Malgré leur rôle central, précise l’agronome, «les femmes rencontrent de nombreux freins qui limitent leur pleine participation à l’agroécologie». M. Kane explique que «dans de nombreux contextes, les terres sont attribuées aux hommes, en vertu de normes coutumières ou de pratiques discriminatoires. Cette exclusion foncière prive les femmes de la possibilité d’investir durablement dans des pratiques agroécologiques. Les normes coutumières privilégient les hommes dans l’attribution des terres. Au Sénégal, moins de 20% des femmes rurales disposent d’un titre foncier (Enda Pronat, 2019)».
Les femmes sont aussi, selon lui, «sous-représentées dans les instances de gouvernance agricole et dans les organisations paysannes.

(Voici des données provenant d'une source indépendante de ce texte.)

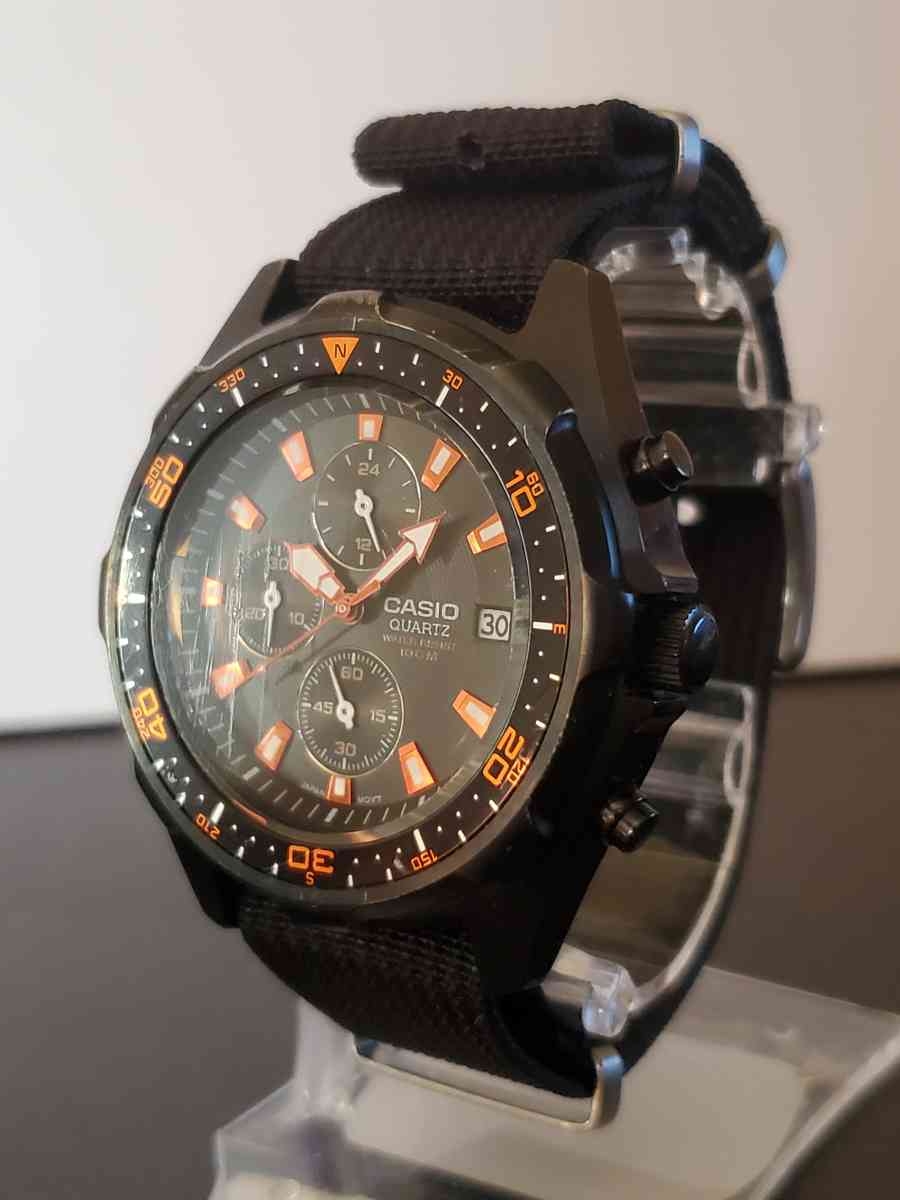 Casio Mens AMW370B1A1 Black Analog MultiFunction Chronograph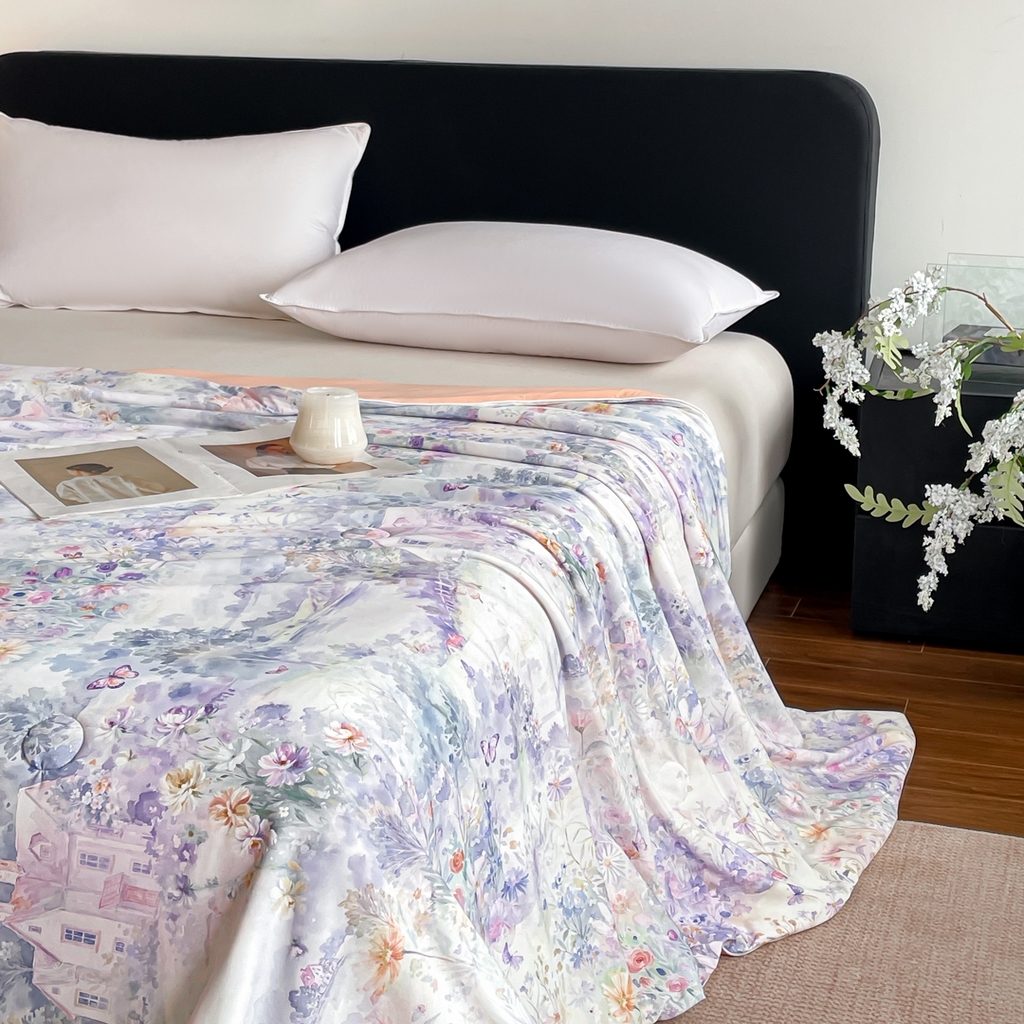 91家纺网 家纺一手货源 找家纺 名兮家居 2026新款印花款锦氨凉感丝夏被空调被夏凉被 世外桃源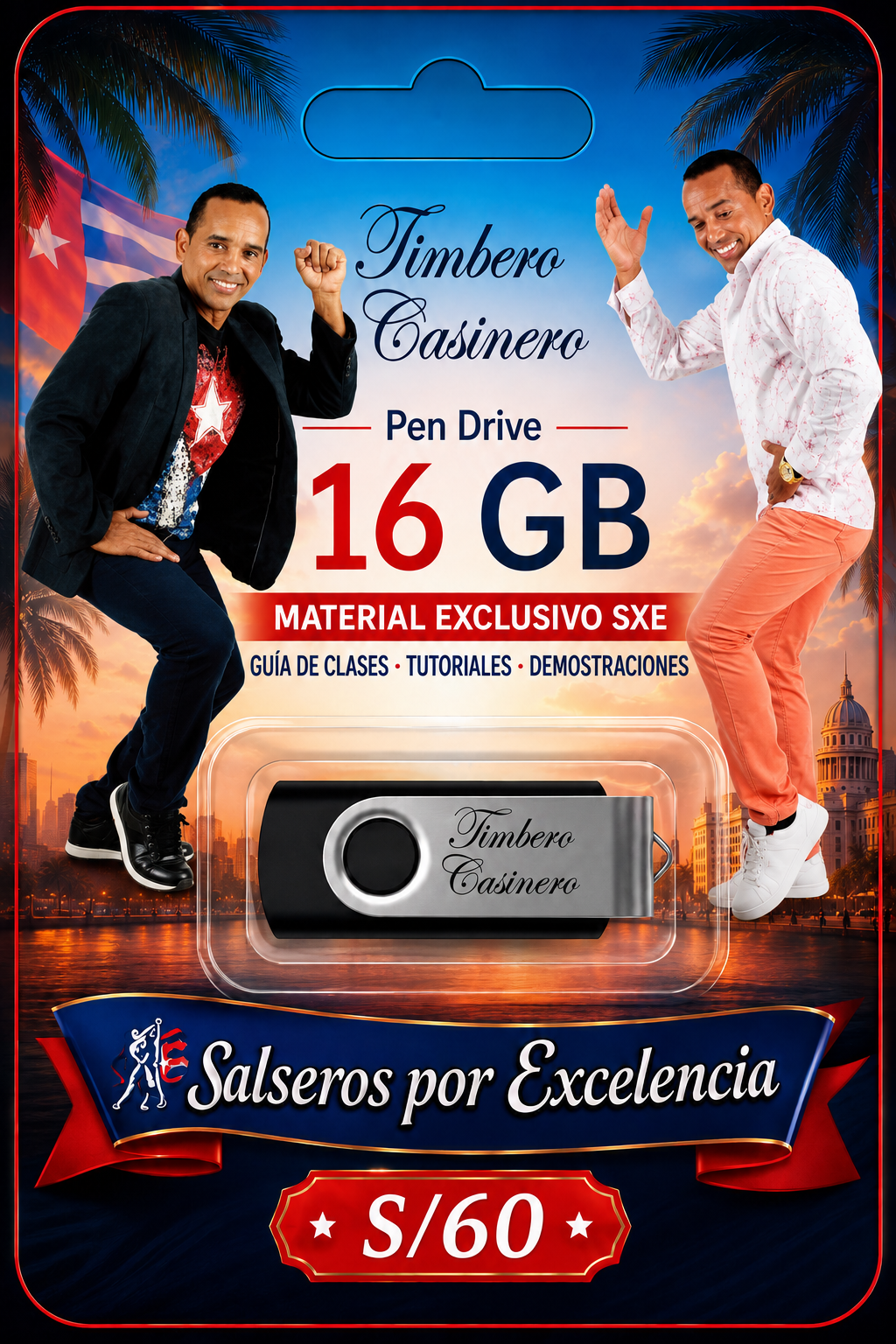 Pendrive Timbero Casinero de 16 GB, Salseros por Excelencia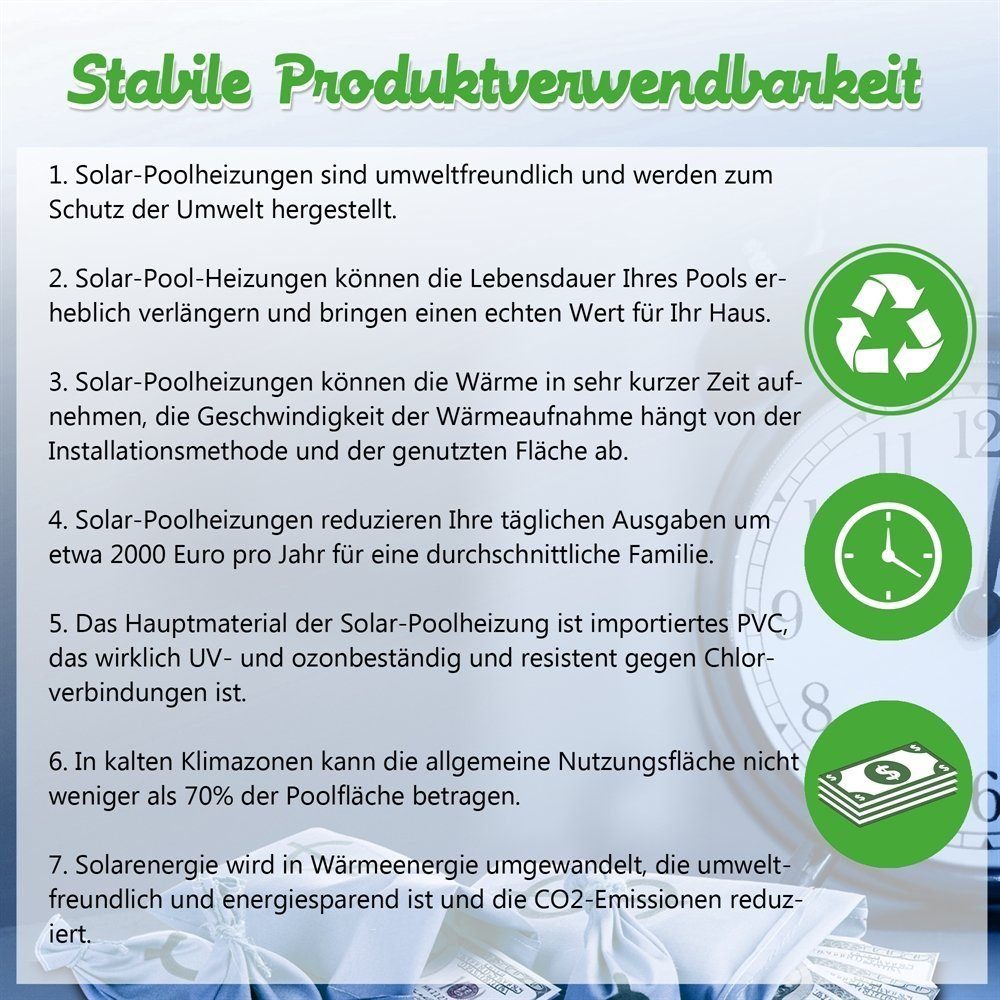 Melko Pool-Wärmepumpe Poolheizung Solarheizung 605x80CM Solarmatte Heizung Solarabsorber (Stück), Beliebig erweiterbar
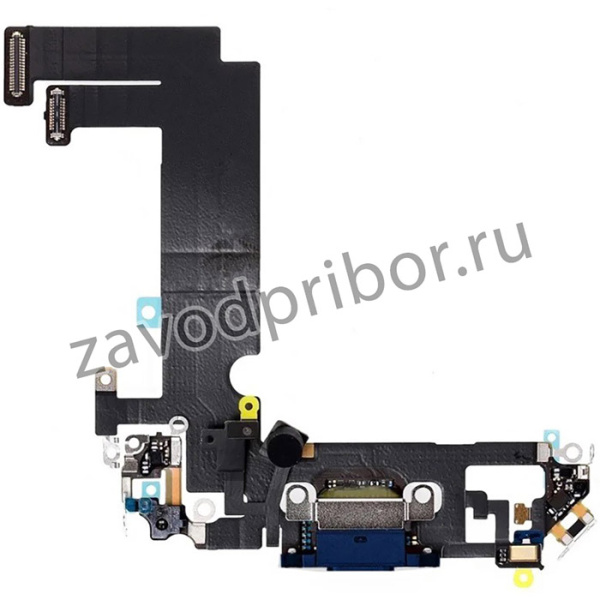 Шлейф (плата) для iPhone 12 mini на системный разъем и микрофон синий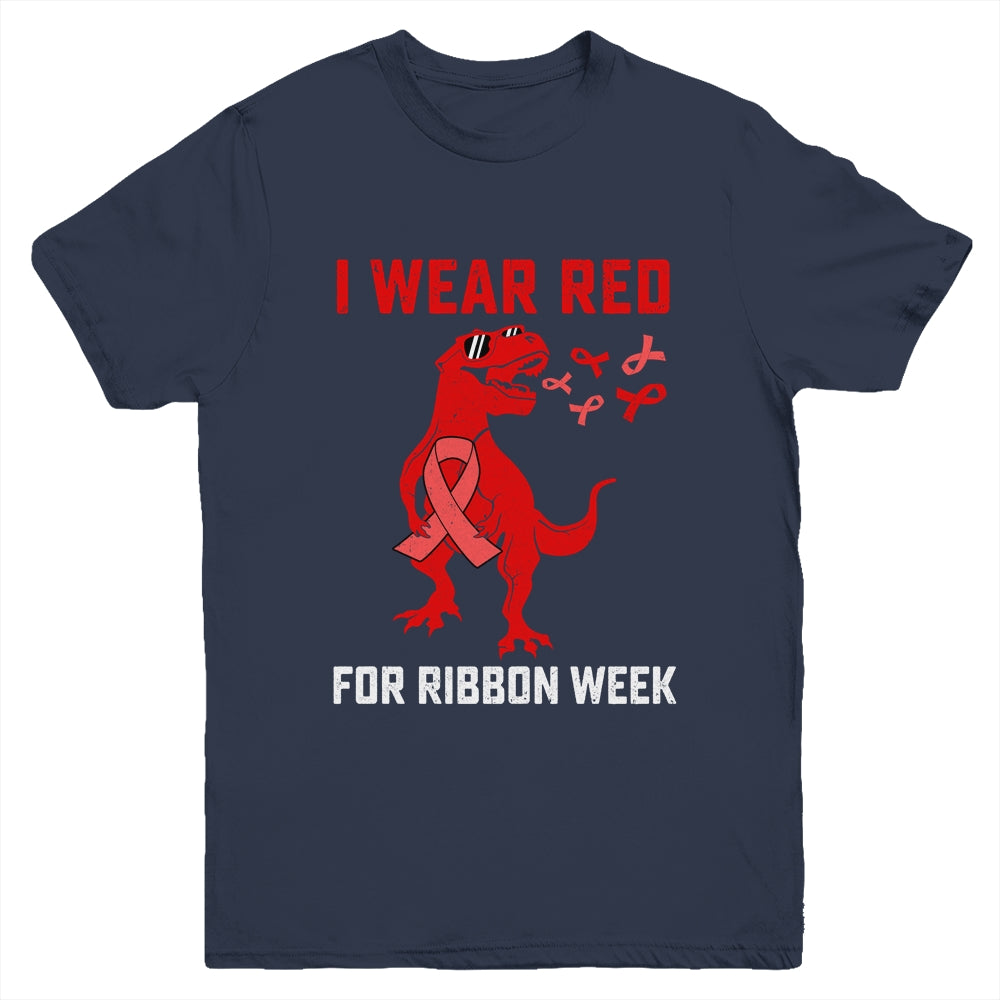 In October We Wear Red Ribbon Week Awareness Trex Dino Kids Youth Shirt | siriusteestore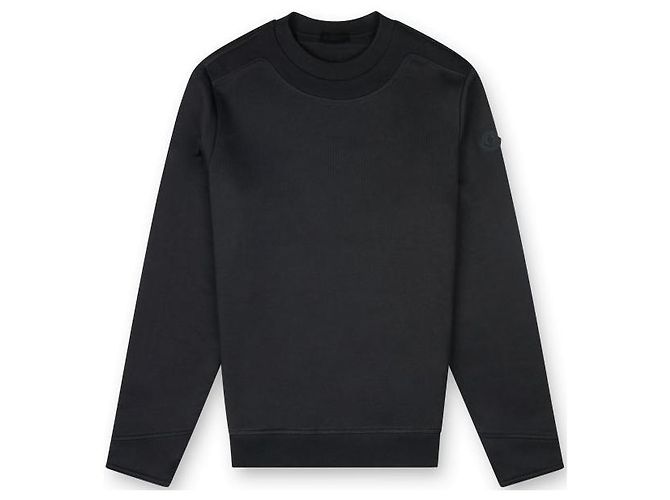 Moncler Sweatshirt aus Baumwolle mit Logo-Patch Schwarz 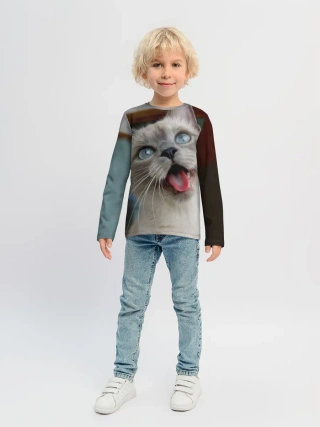 Детский лонгслив / Сиамский котенок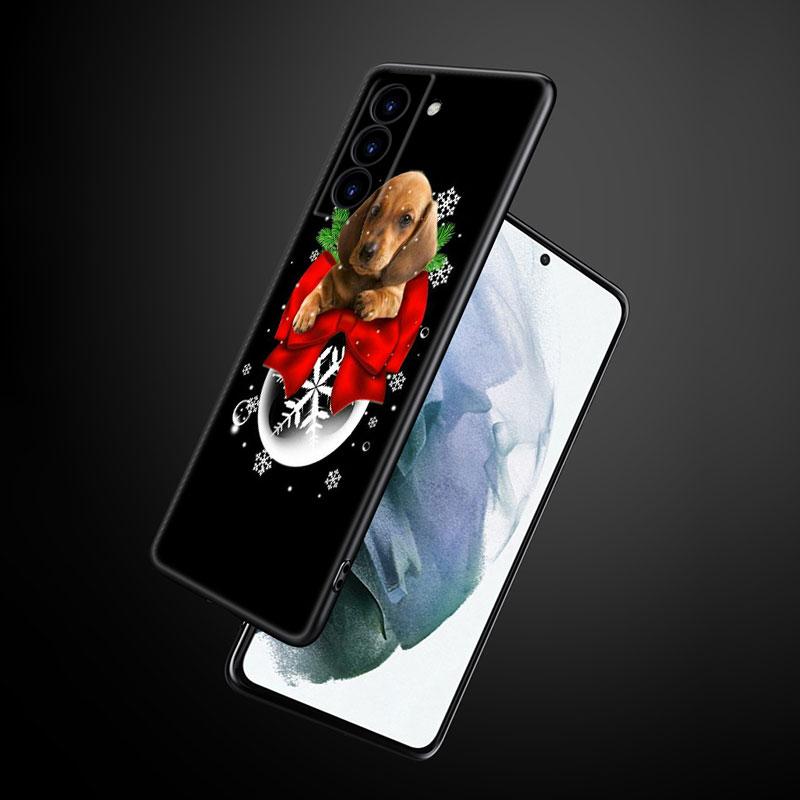 Cute cartoon Dachshund Dog Phone Case For Samsung Galaxy S22 Pro S21 S20 Ultra FE S10 Lite 5G S10E S9 S8 Plus Soft Black Cover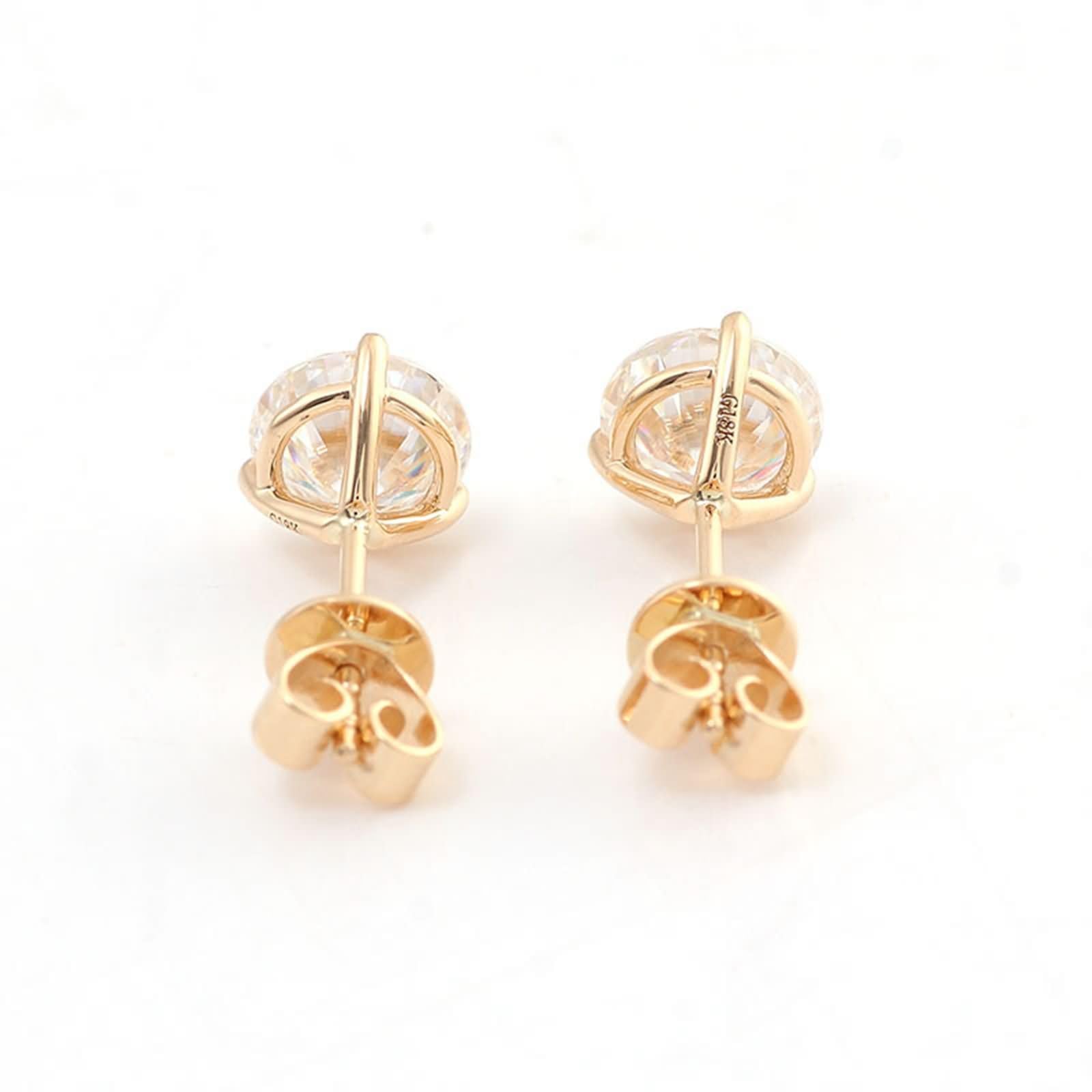 Gold Ohrringe 375/585 / 750 Damen, 3 Zinken Rund mit Moissanit, Hochzeit Damen Ohrringe Gold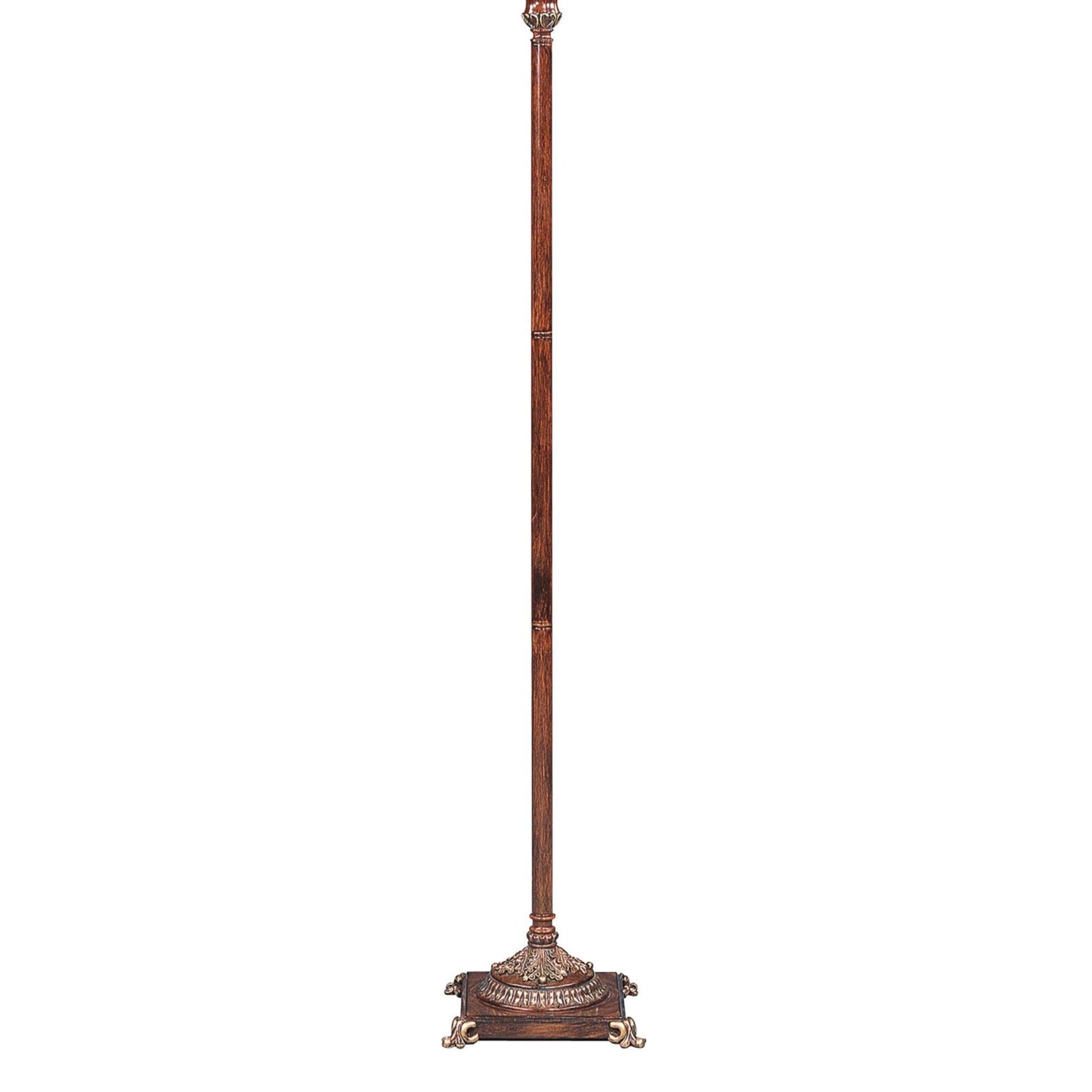 70" Tall Metal Torchiere Floor Lamp With Wooden Finish, Glass Shade Brown Metal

Leur voix est rarement prise en compte dans les décisions concernant la gestion des ressources naturelles ou les politiques agricoles comme le souligne Agarwal (1994), cette exclusion limite leur capacité à influencer les politiques agricoles». S’y ajoute l’accès au crédit, aux intrants, aux technologies et aux formations techniques, qui reste limité pour les femmes. «Cette situation accentue leur dépendance vis-à-vis des structures patriarcales et freine leur capacité d’innovation (Ied Afrique, 2015)», renseigne l’expert.

Néanmoins, rassure Demba Kane, «l’agroécologie, dans sa vision et ses principes, ouvre des perspectives d’émancipation pour les femmes qui peuvent permettre de «redéfinir les cartes»». En guise d’exemple, il cite «les stratégies collectives où les groupements féminins constituent des espaces de solidarité et de mutualisation des ressources. Ils permettent aux femmes de renforcer leur pouvoir d’action collectif, d’accéder à des financements et de développer des activités génératrices de revenus. Il y a aussi le phénomène de l’écoféminisme vernaculaire, où les femmes s’approprient l’agroécologie comme un outil d’autonomie, sans confrontation directe aux normes patriarcales». A son avis, cet écoféminisme vernaculaire «illustre la capacité des femmes à transformer leur environnement social par des pratiques agricoles durables. Par exemple, des Ong comme Enda Pronat accompagnent les femmes dans la transition agroécologique. Ces initiatives ont permis d’accroître leur accès au foncier, de renforcer leur leadership communautaire et d’améliorer la sécurité alimentaire. Dans certaines communes, la proportion de demandes foncières féminines a fortement augmenté après des campagnes de sensibilisation, témoignant d’un changement social en cours».

Pour le chercheur, «l’analyse du rôle des femmes dans l’agroécologie met en évidence une double dynamique. D’une part, elles constituent des actrices incontournables de la durabilité agricole grâce à leurs savoirs, leurs pratiques et leur engagement quotidien. D’autre part, l’agroécologie représente un espace de transformation sociale, susceptible de réduire les inégalités de genre et de renforcer l’autonomie féminine. Cependant, cette potentialité ne peut se réaliser pleinement qu’à travers des politiques publiques inclusives, un soutien institutionnel fort et une reconnaissance explicite du rôle des femmes dans la gouvernance agricole».

En phase avec l’ingénieur, le président de la Cciad, Abdoulaye Sow, soutient que «l’apport des femmes dans l’agroécologie et l’agroalimentaire n’est pas seulement un enjeu de justice ou de genre. C’est un pilier de notre sécurité alimentaire, de notre résilience face aux changements climatiques, de notre développement économique durable et inclusif».